I feel within the primary school pupils could, if they were able to, bring in essentials for a foodbank and also learn about why it maybe necessary for people to utilise them. However, this could be a very sensitive subject depending on the pupils that are in the classroom and I would consider this before discussing foodbanks in the classroom. Pupils could even make up boxes of food at Christmas time and deliver them in the community. An experience and outcome that I felt related to this was “I can consider ways to look after my school community and can encourage others to care for their environment”. Although this mentions the environment, it doesn’t always have to concern nature, which I learned in a lecture on this module, it is everything around you, like the community and pupils going out into the community and looking after people could be a very positive experience for them.
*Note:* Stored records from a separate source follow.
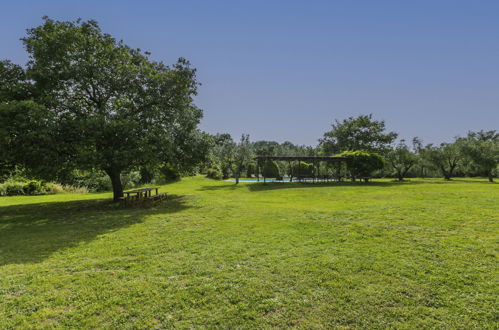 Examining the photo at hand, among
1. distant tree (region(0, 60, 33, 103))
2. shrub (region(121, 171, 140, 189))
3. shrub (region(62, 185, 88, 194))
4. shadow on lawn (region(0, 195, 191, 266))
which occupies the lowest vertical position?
shadow on lawn (region(0, 195, 191, 266))

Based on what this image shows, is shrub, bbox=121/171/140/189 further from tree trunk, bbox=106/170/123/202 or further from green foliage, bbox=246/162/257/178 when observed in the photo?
green foliage, bbox=246/162/257/178

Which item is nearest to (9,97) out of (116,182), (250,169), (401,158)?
(116,182)

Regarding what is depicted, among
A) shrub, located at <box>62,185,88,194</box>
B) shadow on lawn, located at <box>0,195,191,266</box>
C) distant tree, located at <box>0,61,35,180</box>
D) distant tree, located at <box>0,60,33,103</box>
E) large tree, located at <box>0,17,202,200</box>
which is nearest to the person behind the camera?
shadow on lawn, located at <box>0,195,191,266</box>

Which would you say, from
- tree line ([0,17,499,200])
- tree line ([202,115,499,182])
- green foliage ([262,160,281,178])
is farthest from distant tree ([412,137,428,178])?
tree line ([0,17,499,200])

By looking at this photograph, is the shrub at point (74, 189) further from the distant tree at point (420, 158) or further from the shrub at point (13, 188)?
the distant tree at point (420, 158)

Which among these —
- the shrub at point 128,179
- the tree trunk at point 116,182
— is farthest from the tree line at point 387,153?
the tree trunk at point 116,182

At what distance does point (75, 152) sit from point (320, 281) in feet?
36.0

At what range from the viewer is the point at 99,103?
12000mm

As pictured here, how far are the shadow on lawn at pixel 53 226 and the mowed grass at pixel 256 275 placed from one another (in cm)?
7

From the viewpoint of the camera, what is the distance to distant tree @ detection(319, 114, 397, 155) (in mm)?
37250

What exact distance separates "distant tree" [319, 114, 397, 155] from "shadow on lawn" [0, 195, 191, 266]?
34737 mm

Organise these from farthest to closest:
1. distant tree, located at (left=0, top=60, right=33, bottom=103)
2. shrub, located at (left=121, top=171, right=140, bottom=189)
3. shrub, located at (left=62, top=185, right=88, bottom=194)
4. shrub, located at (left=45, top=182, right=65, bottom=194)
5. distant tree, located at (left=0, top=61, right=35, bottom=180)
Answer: shrub, located at (left=121, top=171, right=140, bottom=189) < shrub, located at (left=62, top=185, right=88, bottom=194) < shrub, located at (left=45, top=182, right=65, bottom=194) < distant tree, located at (left=0, top=60, right=33, bottom=103) < distant tree, located at (left=0, top=61, right=35, bottom=180)

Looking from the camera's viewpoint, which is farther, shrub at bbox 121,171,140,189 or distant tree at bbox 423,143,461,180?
distant tree at bbox 423,143,461,180

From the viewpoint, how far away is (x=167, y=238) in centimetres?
619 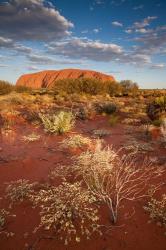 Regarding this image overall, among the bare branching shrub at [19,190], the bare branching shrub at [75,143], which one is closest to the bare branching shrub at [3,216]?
the bare branching shrub at [19,190]

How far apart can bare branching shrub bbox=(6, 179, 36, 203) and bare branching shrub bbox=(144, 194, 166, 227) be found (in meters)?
1.98

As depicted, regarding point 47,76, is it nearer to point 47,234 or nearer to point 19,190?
point 19,190

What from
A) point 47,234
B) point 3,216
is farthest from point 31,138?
point 47,234

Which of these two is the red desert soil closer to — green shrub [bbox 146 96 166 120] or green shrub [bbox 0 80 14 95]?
green shrub [bbox 146 96 166 120]

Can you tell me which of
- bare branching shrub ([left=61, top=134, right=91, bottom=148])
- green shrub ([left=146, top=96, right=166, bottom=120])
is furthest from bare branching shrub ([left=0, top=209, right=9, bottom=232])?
green shrub ([left=146, top=96, right=166, bottom=120])

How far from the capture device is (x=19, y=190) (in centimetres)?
418

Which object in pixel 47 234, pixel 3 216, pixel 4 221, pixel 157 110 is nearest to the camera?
pixel 47 234

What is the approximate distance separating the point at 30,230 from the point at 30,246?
1.00 ft

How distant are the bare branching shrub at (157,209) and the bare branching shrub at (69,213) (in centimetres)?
83

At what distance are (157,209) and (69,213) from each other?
4.39ft

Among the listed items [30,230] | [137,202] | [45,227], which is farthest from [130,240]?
[30,230]

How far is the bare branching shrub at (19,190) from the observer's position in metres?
4.01

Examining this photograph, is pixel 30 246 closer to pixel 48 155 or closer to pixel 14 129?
pixel 48 155

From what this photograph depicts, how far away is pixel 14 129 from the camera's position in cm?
910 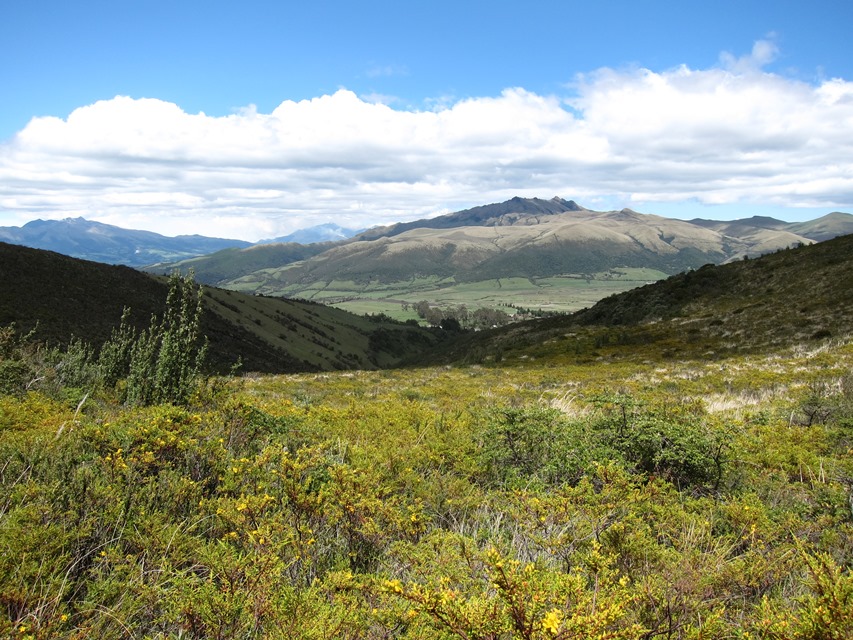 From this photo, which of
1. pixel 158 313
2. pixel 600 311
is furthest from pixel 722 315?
pixel 158 313

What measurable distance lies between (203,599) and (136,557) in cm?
99

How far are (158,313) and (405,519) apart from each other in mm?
74894

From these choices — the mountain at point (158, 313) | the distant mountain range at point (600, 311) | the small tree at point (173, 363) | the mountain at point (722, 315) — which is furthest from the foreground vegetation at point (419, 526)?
the mountain at point (722, 315)

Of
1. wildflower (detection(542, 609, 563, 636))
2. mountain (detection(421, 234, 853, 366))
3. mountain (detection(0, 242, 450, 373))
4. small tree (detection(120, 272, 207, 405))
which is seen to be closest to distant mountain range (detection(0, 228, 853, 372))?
mountain (detection(421, 234, 853, 366))

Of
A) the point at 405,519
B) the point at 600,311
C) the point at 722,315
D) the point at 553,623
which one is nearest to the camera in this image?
the point at 553,623

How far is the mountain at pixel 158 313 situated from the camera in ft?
166

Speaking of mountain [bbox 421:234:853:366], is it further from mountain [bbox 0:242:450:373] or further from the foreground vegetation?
mountain [bbox 0:242:450:373]

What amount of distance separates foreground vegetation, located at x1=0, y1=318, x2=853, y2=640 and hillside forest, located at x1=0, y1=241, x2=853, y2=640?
0.08 ft

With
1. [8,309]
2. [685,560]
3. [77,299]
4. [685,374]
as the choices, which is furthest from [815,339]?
[77,299]

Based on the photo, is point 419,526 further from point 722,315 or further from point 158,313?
point 158,313

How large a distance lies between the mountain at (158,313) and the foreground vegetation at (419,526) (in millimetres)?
19814

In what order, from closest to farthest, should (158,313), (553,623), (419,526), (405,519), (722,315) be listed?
(553,623), (405,519), (419,526), (722,315), (158,313)

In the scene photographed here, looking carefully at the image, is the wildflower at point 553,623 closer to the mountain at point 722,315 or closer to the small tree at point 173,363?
the small tree at point 173,363

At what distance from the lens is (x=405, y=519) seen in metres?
4.44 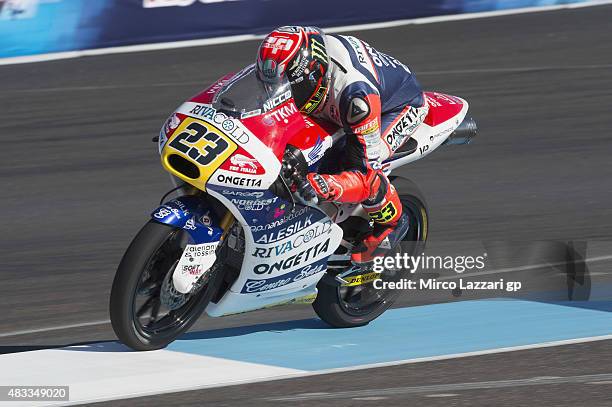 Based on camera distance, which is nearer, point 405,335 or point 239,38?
point 405,335

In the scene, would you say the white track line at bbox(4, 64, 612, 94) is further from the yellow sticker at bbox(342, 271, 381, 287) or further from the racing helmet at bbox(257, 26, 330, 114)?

I feel that reflecting on an experience like this is very important as it made me realise how lucky I am and it also gave me ideas of ways that I am able to help the people who need it the most. Brookfield talks a lot about critical reflection. He says ” it grounds not only our actions but also our sense of who we are as teachers in an examined reality; we know why we believe what we believe.” (Brookfield, S, 2017, P81). I feel that this is an important skill to have as a teacher as I will always be reflecting on my lessons for example, and looking for ways to improve these if necessary. Being able to reflect on experiences like this will be useful for me in the future when I become a teacher.
Scottish Government, Education Scotland, 2017, Curriculum for Excellence: Social Studies experiences and outcomes. (online). Avaliable at: https://education.gov.scot/Documents/social-studies-eo.pdf
UWS Graduate Attributes 2018. Avaliable at: https://www.uws.ac.uk/current-students/your-graduate-attributes/
Brookfield, S, (April 2017). Becoming a critically reflective teacher. Second edition. Publisher: Jossey Bass. P81.